Rezension

Deutsch-Deutsche Zeitreise

Margos Töchter
von Cora Stephan

Bewertet mit 3 Sternen

Margos Enkelin Jana Seliger möchte unbedingt mehr über ihre Familiengeschichte herausfinden und hat schon vor längerer Zeit Anträge für Akteneinsicht von Stasiunterlagen an die zuständigen Behörden gestellt. Endlich erhält sie die Erlaubnis dazu und taucht ab in die Vergangenheit ihrer Mutter Leonore und deren Freundin Clara. Dabei deckt Jana ein altes Geheimnis auf…
Leonore wächst in den 60er Jahren gutsituiert in Norddeutschland auf und schlägt etwas aus der Art. Sie wird von anderen als Außenseiterin abgestempelt, findet keinen Anschluss und sucht noch ihren Platz in der Welt. Einzig zu ihrer Brieffreundin Clara, die in der DDR lebt und die sie durch ein gemeinsames Ferienlager kennt, hat sie ein engeres Verhältnis. Leonores rebellische Art und Selbstfindungstrip hält auch während ihrer Jugendzeit und des Studiums an. Währenddessen hat sich Clara dafür entschieden, für den Staatssicherheitsdienst tätig zu sein und für einen wichtigen Auftrag in die BRD zu gehen. Bevor sie die neue Aufgabe antreten kann, bekommt sie ein Kind…

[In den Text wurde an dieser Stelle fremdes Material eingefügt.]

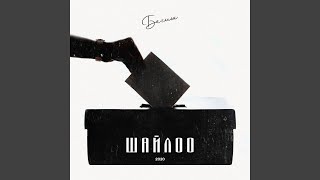 Шайлоо - Бегиш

Cora Stephan hat mit „Margos Töchter“ die Fortsetzung von „Ab heute heiße ich Margo“ vorgelegt, jedoch ohne Probleme separat gelesen werden kann. Der flüssige, bildhafte Erzählstil lässt den Leser schnell in die Handlung eintauchen, wo er sich an der Seite von Jana wiederfindet, die er bei der Suche nach ihrer Familiengeschichte begleitet. Die Autorin erzählt ihre Geschichte auf unterschiedlichen Ebenen, so hält der Leser sich nicht nur mit Jana in der Gegenwart auf, sondern erlebt sowohl Leonores als auch Claras Werdegang in den 60er/70er/80er und 90er Jahren mit, wobei sich der eine Teil in der ehemaligen DDR abspielt und der andere in Westdeutschland, und am Ende der Mauerfall steht. Der historische Hintergrund wurde mit der Handlung gut verknüpft und spiegelt nicht nur das beklemmende DDR-Regime und seine Bespitzelungen wieder, sondern lässt auch die Zeit des RAF-Terrors, die Studentenaufstände sowie die Anti-Atomkraftdemos erneut aufleben. Der Leser macht während der Lektüre regerecht eine Zeitreise, wobei alte Erinnerungen hochkommen und wieder sehr real vor dem inneren Auge erscheinen. Obwohl die Zeitreise durch die letzten Jahrzehnte deutscher Geschichte sehr anschaulich eingebunden sind, wirkt die Handlung oftmals sehr zäh und langatmig, was den Lesegenuss etwas schmälert.

Die Charaktere sind wie aus dem täglichen Leben gegriffen, haben menschliche Ecken und Kanten, die sie natürlich und realistisch wirken lassen. Trotzdem bleiben sie für den Leser unnahbar, vielmehr befindet sich dieser auf einem Beobachtungsposten und verfolgt ihr Tun wie durch ein Fernglas. Leonore stammt aus bürgerlichem Hause, ist wissbegierig und neugierig auf die Welt. Sie will alles ausprobieren, vom Leben kosten und ihren eigenen Platz finden. Clara weiß schon sehr früh, was sie vom Leben will und stellt all ihr Handeln und Tun in den Dienst des Regimes. Sie ist ehrgeizig und doch belügt sie sich selbst. Jana ist eine getriebene Frau, die immer das Gefühl hat, dass ihr etwas fehlt. Aber sie lässt es nicht dabei bewenden und versucht mutig, die Lücken in ihrer Biografie zu schließen.

„Margos Töchter“ ist ein interessanter Abriss über die vergangenen Jahrzehnte Deutsch-Deutscher Geschichte, die eigentliche Familiengeschichte findet eher am Rande statt und wird nebenbei abgewickelt. Mangelndes Gefühl, unnahbare Charaktere sowie die streckenweise Langatmigkeit führen leider zu einer eingeschränkten Leseempfehlung!